> **Aim of the exercise**:
Reproduce exactly, leaving out pictures, each line from the one holding "Women's black longline" through the final line of the listing, and add nothing.

Records provided Start Marker

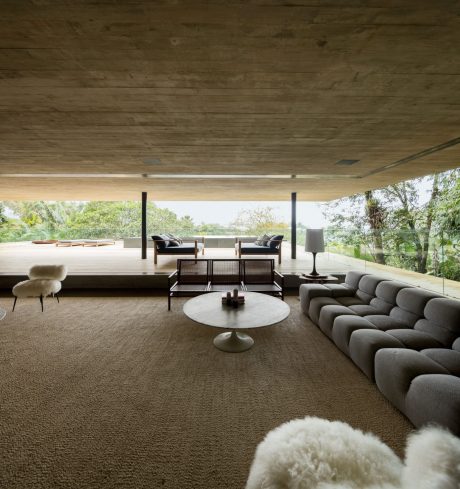 Cozy mid-century modern living room with exposed wood ceiling, wraparound sofa, and views of nature.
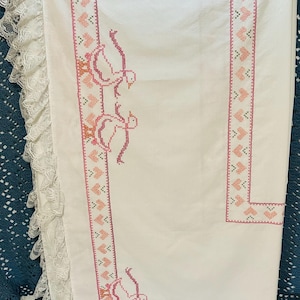 Puede incluir: Mantel de lino blanco con bordado de punto de cruz rosa. El bordado presenta un borde de corazones y gansos, con un ribete de encaje en el borde. El dise&ntilde;o es de estilo cl&aacute;sico y vintage.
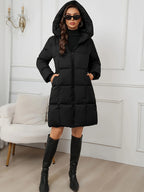 Women's black longline puffer coat with hood for autumn and winter wear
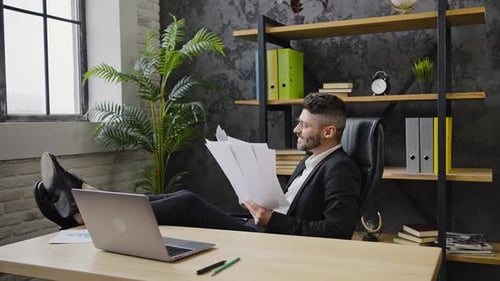 Excited Businessman Celebrating Success in Office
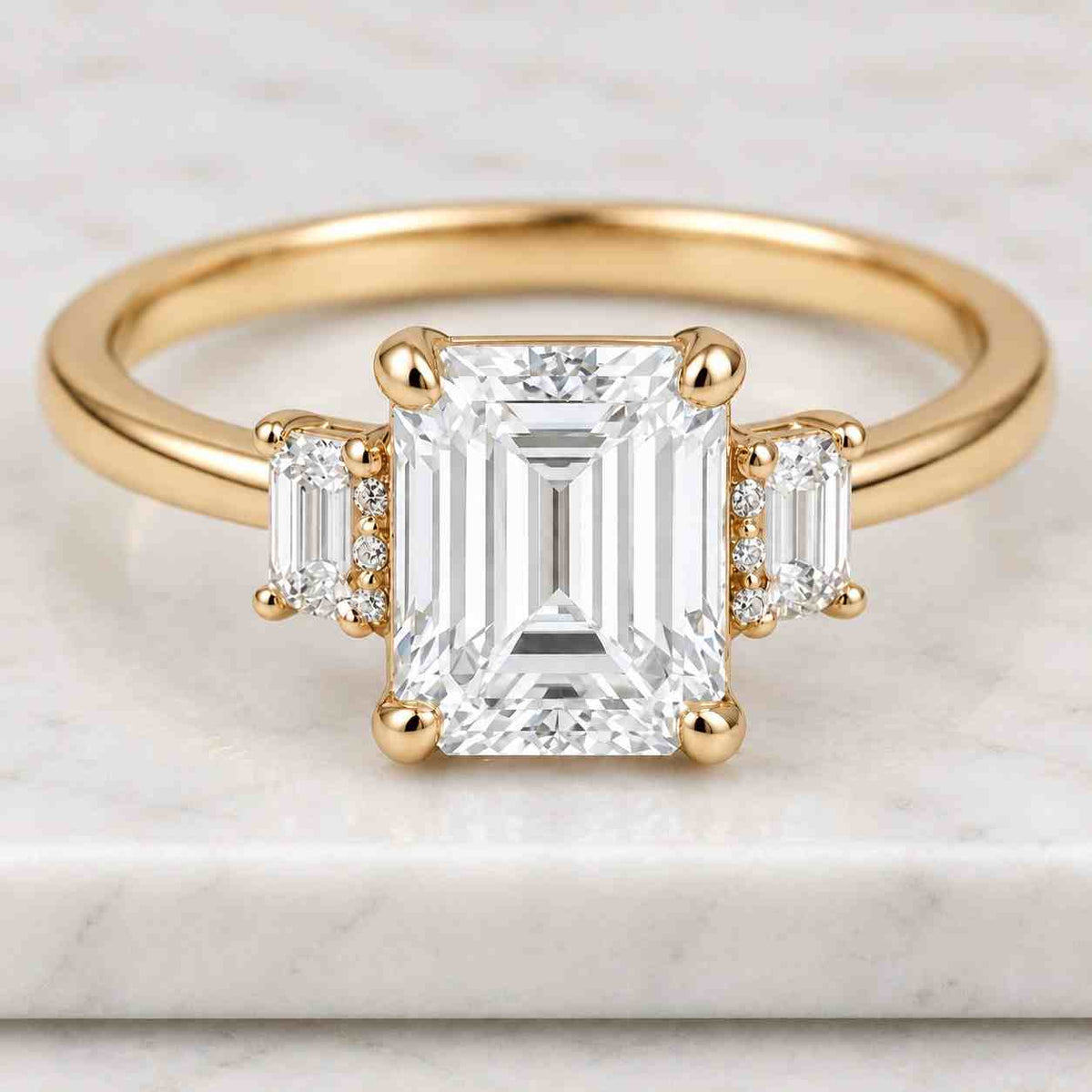 emerald cut lab diamond engagement ring, tapered baguettes, 14k yellow gold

Records provided End Marker

> **Exercise answer**:
 Women's black longline puffer coat with hood for autumn and winter wear
 Excited Businessman Celebrating Success in Office
 emerald cut lab diamond engagement ring, tapered baguettes, 14k yellow gold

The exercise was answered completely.